··· Information supplied ···
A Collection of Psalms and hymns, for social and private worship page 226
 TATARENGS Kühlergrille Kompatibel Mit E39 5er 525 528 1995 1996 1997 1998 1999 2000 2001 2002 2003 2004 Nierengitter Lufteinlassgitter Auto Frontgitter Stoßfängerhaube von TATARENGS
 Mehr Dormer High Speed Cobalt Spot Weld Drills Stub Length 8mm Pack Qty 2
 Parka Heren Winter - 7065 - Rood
···
## Action item
Retype the material above in full, with nothing altered.

## Written solution
A Collection of Psalms and hymns, for social and private worship page 226
 TATARENGS Kühlergrille Kompatibel Mit E39 5er 525 528 1995 1996 1997 1998 1999 2000 2001 2002 2003 2004 Nierengitter Lufteinlassgitter Auto Frontgitter Stoßfängerhaube von TATARENGS
 Mehr Dormer High Speed Cobalt Spot Weld Drills Stub Length 8mm Pack Qty 2
 Parka Heren Winter - 7065 - Rood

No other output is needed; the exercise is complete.